## TASK ITEM
A bare number is the expected answer: the count of lines in the records that contain the word "backyard".

## WORKING DATA
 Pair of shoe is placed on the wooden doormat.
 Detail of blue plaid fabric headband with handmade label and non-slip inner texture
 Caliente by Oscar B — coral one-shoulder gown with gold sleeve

---

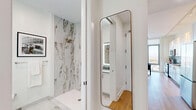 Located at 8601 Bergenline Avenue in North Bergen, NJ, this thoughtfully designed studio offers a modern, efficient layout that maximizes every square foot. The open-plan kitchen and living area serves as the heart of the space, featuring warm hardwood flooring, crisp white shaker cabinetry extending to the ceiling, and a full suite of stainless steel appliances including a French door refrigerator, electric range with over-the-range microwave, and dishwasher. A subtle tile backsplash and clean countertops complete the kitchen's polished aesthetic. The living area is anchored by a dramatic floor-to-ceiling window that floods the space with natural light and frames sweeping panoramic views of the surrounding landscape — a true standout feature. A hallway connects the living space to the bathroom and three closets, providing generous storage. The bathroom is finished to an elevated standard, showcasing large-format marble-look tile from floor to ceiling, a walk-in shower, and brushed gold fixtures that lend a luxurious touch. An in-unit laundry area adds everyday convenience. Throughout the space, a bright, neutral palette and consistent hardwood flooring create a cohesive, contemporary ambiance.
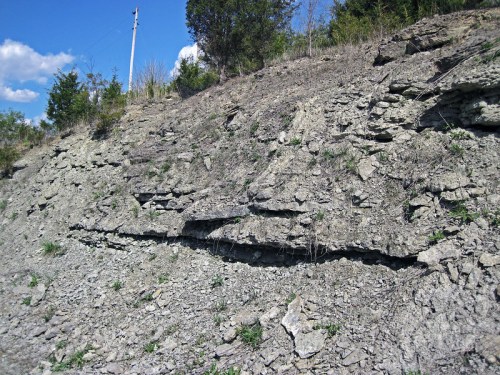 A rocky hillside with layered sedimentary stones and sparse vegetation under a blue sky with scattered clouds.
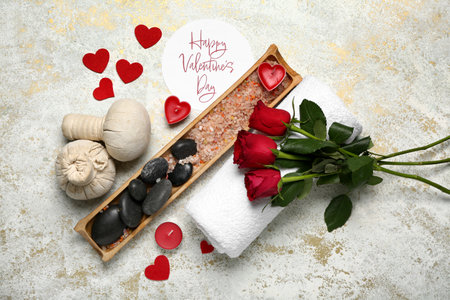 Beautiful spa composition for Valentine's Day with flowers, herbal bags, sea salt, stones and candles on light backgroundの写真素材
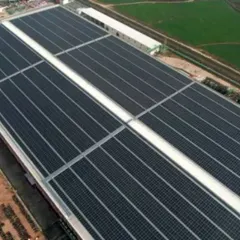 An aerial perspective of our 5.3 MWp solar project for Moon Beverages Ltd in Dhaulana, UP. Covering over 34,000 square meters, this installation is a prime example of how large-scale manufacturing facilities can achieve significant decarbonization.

---

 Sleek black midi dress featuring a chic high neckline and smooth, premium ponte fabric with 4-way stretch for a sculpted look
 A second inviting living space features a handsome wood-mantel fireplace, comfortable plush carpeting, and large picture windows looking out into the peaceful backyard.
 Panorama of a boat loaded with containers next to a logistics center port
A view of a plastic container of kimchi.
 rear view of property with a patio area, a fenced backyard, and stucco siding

## EXERCISE SOLUTION
2